[Problem details]
Would you copy out the following entries exactly, without any of the pictures?

[Web page caption snippets]
.....

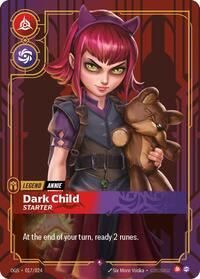 Annie - Dark Child (Starter) Proving Grounds Riftbound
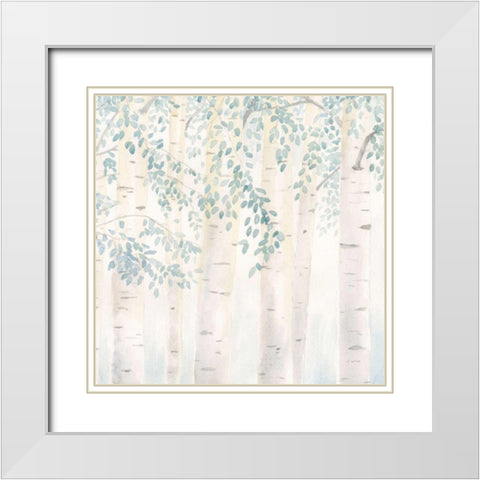 Fresh Forest Crop III White Modern Wood Framed Art Print with Double Matting by Wiens, James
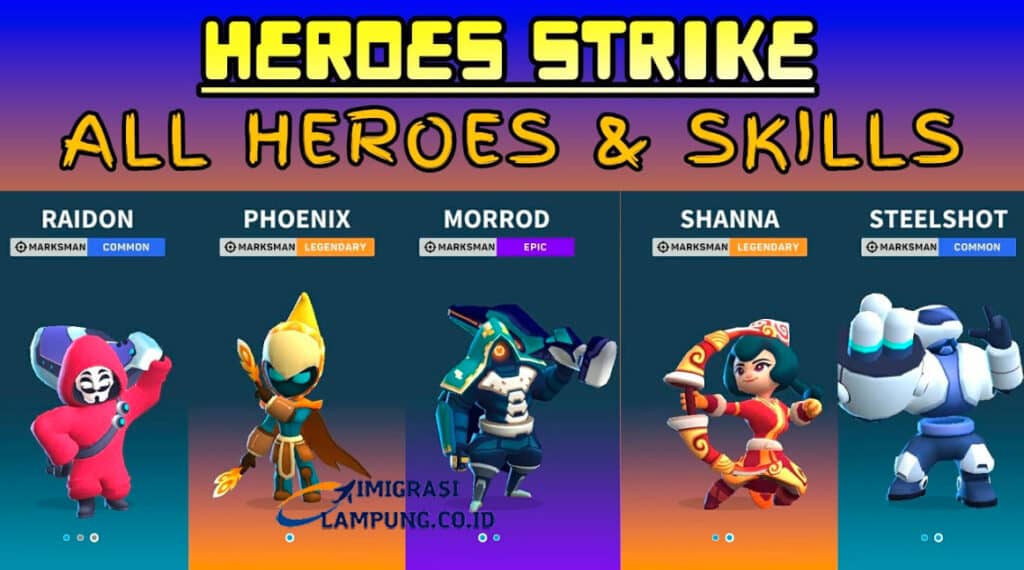 Heroes Strike Offline MOD Apk v90+ Unlimited Money [Download: Gratis versi Android]
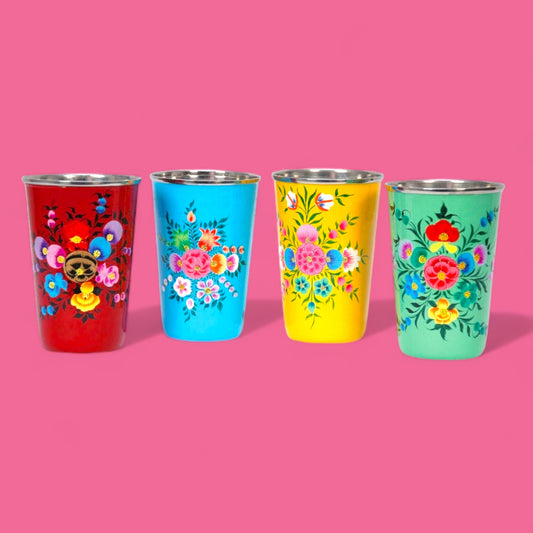 Millyfiory Hand Painted Tumbler Set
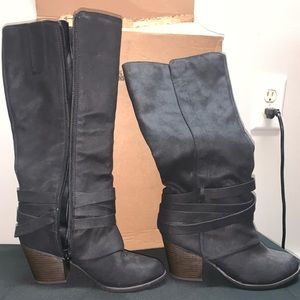 F Fergalicious by Fergie - Lilith style tall black boots size 8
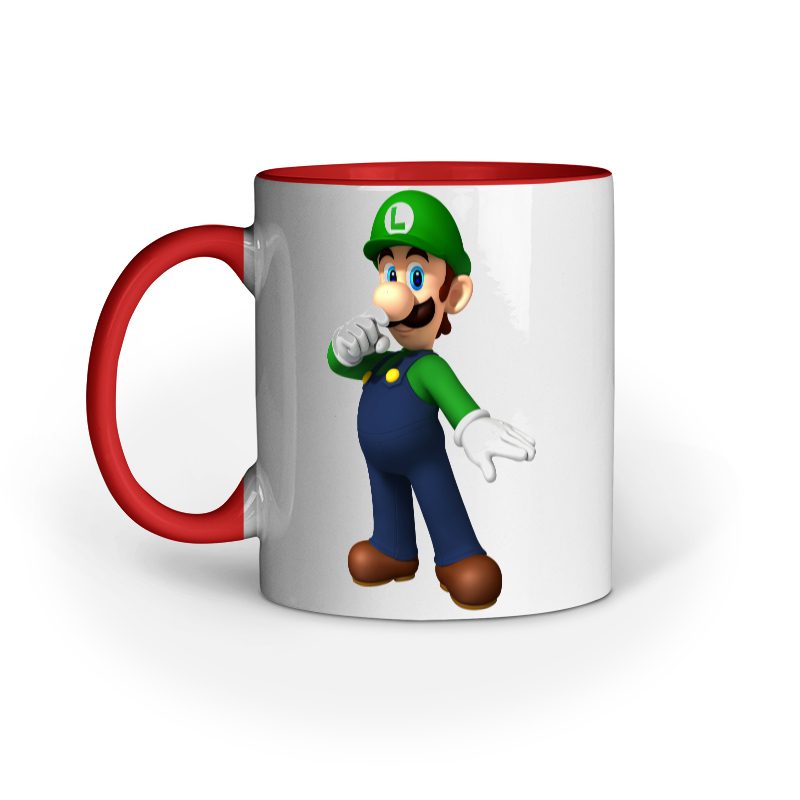 Kids Coffee Mug printed with Luigi - Fashion Greet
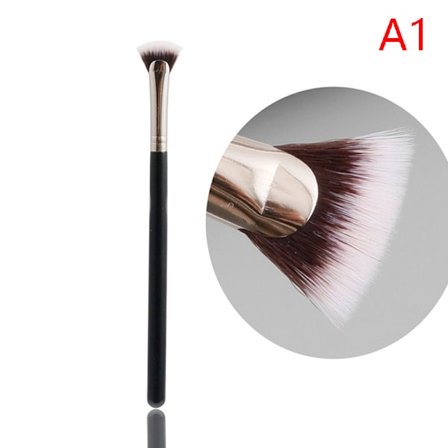 1 ST Fan Mascara Brush Fan Makeup Borste för Fransar Ögonfrans Brus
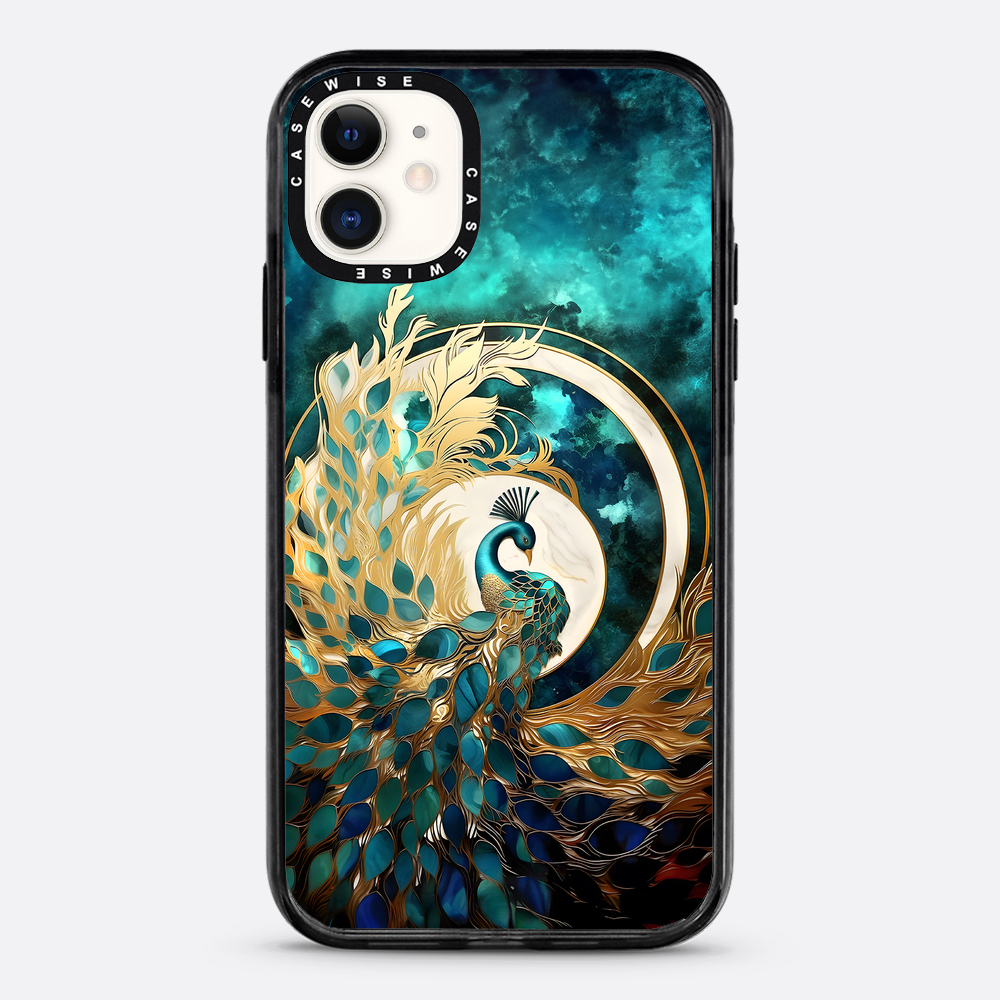 Abstract Peacock Kintsugi - Etui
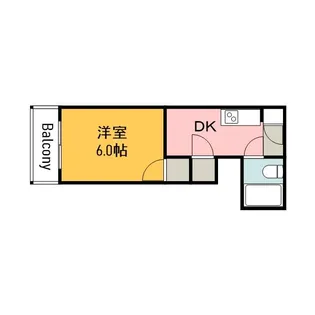 長谷川ビル【208号室号室】の間取り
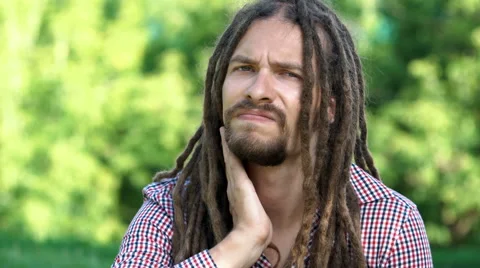 Portrait of dreadlock man Stock Footage 64870216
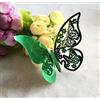 Wambere, 50 segnaposti a forma di farfalla, per nome, per bicchieri, per decorazione da tavola, per matrimoni, feste, decorazione della casa, segnaposto laser, verde A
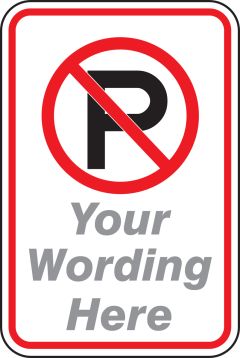 (NO PARKING SYMBOL) ___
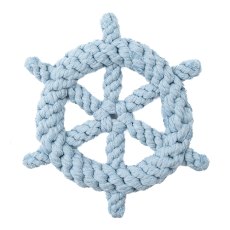 Mr.Kranch / Игрушка Мистер Кранч для собак Штурвал из каната фиолетовая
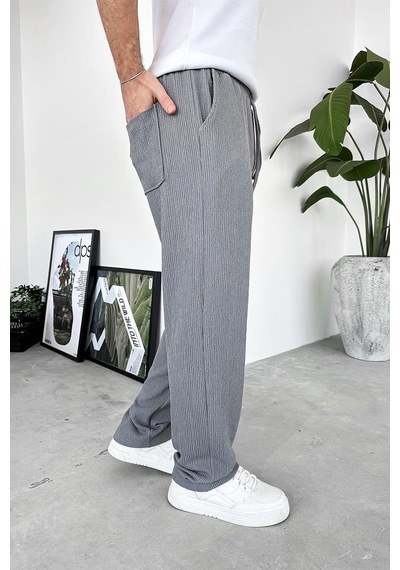 Füme Breeze Soft Baggy Pantolon Füme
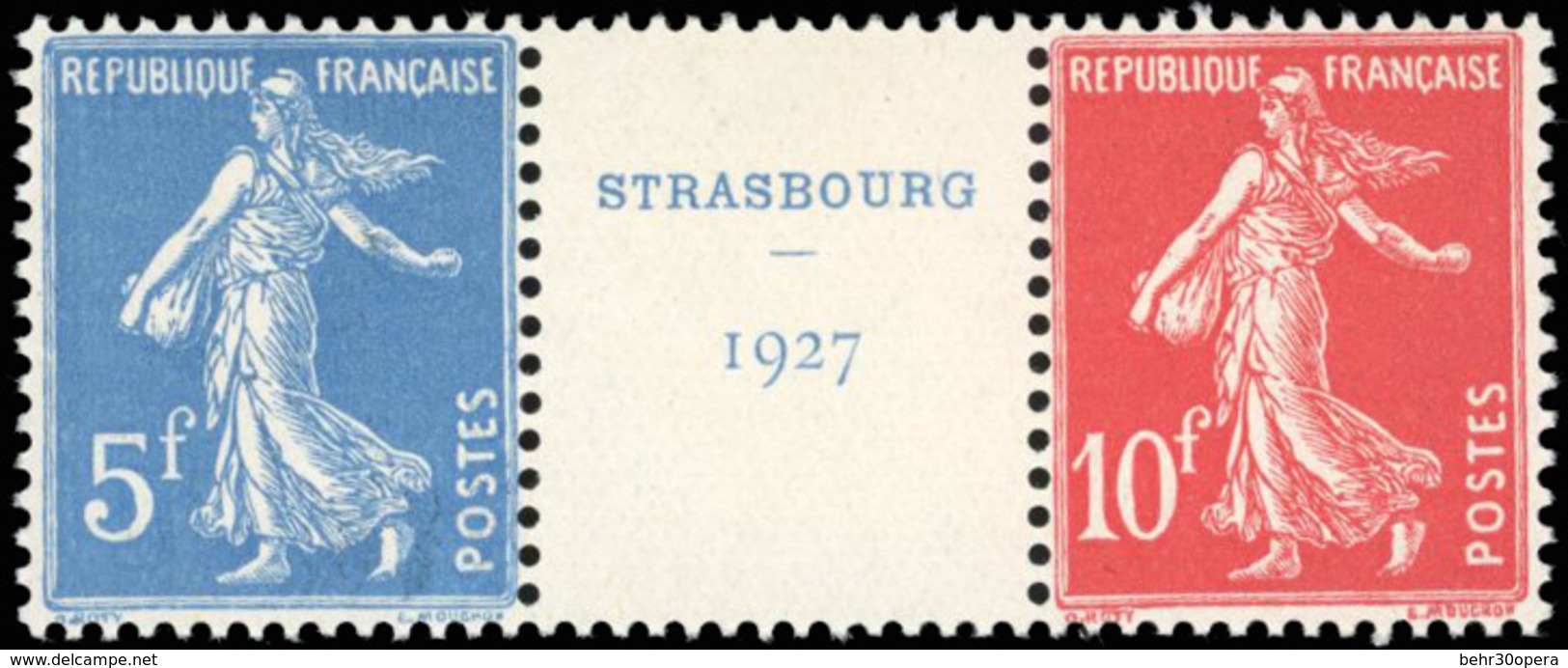 ** N°242A - 5Fr. Bleu + 10Fr. Rouge. Paire Avec Intervalle. SUP. - Sonstige & Ohne Zuordnung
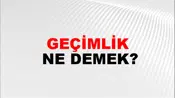 Geçimlik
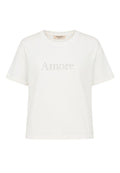 T-Shirt Twinset Actitude „Amore“ – Weiß
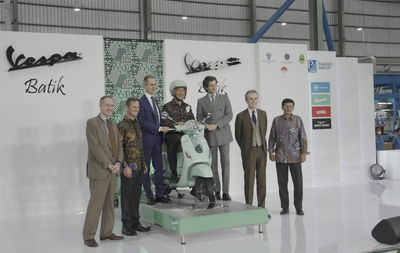 Piaggio Indonesian production facility opening.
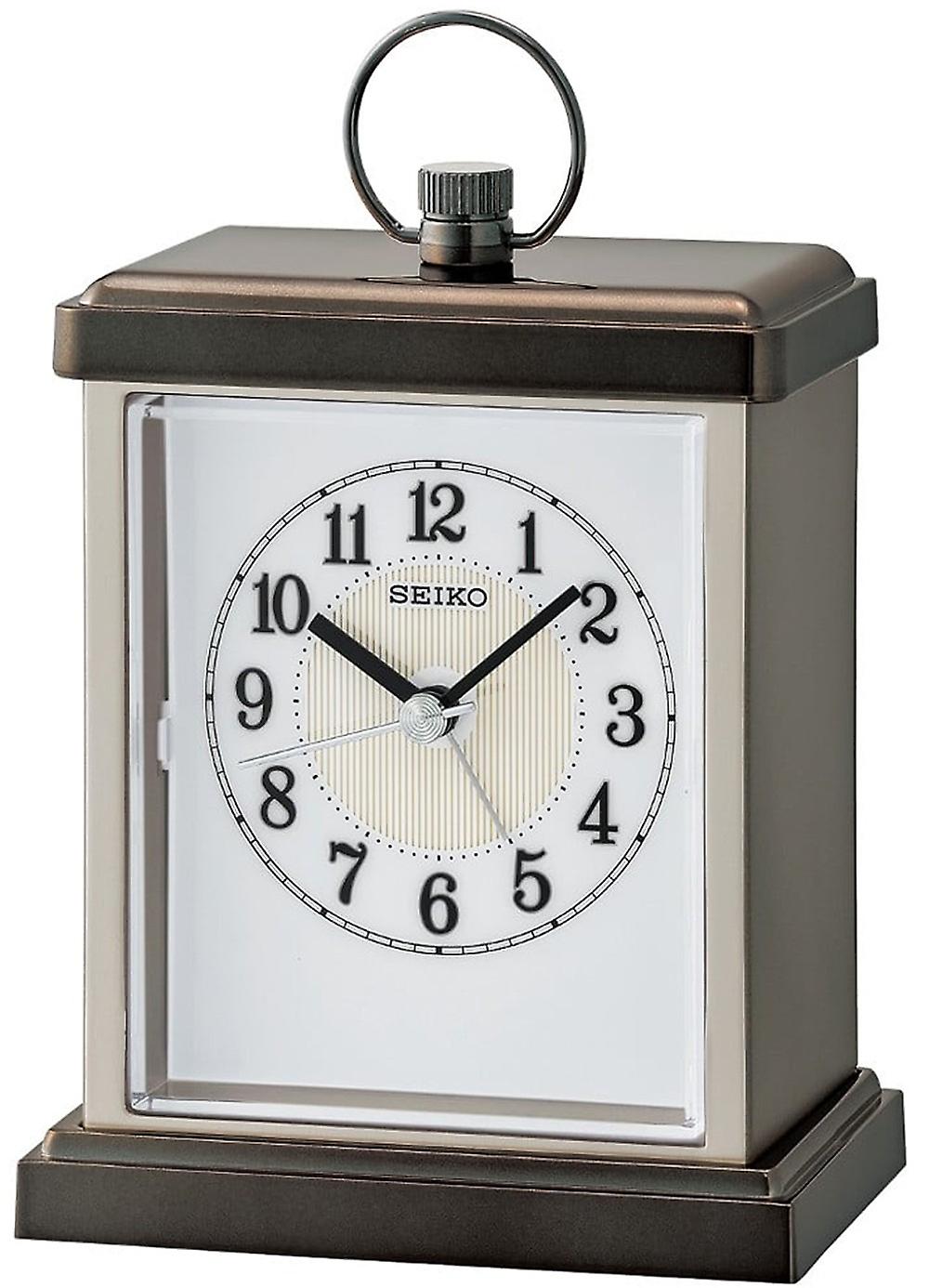 SEIKO CLOCKS ANALOG Analog Quartz Plastic Alarm Clocks QHE148N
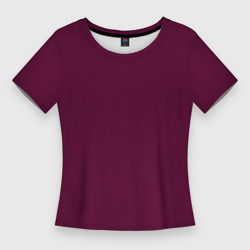 Женская футболка 3D Slim Очень глубокий красно-пурпурный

.....

[Response to this task]
 Annie - Dark Child (Starter) Proving Grounds Riftbound
 Fresh Forest Crop III White Modern Wood Framed Art Print with Double Matting by Wiens, James
 Heroes Strike Offline MOD Apk v90+ Unlimited Money [Download: Gratis versi Android]
 Millyfiory Hand Painted Tumbler Set
 F Fergalicious by Fergie - Lilith style tall black boots size 8
 Kids Coffee Mug printed with Luigi - Fashion Greet
 1 ST Fan Mascara Brush Fan Makeup Borste för Fransar Ögonfrans Brus
 Abstract Peacock Kintsugi - Etui
 長谷川ビル【208号室号室】の間取り
 Portrait of dreadlock man Stock Footage 64870216
 Wambere, 50 segnaposti a forma di farfalla, per nome, per bicchieri, per decorazione da tavola, per matrimoni, feste, decorazione della casa, segnaposto laser, verde A
 (NO PARKING SYMBOL) ___
 Mr.Kranch / Игрушка Мистер Кранч для собак Штурвал из каната фиолетовая
 Füme Breeze Soft Baggy Pantolon Füme
 ** N°242A - 5Fr. Bleu + 10Fr. Rouge. Paire Avec Intervalle. SUP. - Sonstige & Ohne Zuordnung
 Geçimlik
 T-Shirt Twinset Actitude „Amore“ – Weiß
 Piaggio Indonesian production facility opening.
 SEIKO CLOCKS ANALOG Analog Quartz Plastic Alarm Clocks QHE148N
 Женская футболка 3D Slim Очень глубокий красно-пурпурный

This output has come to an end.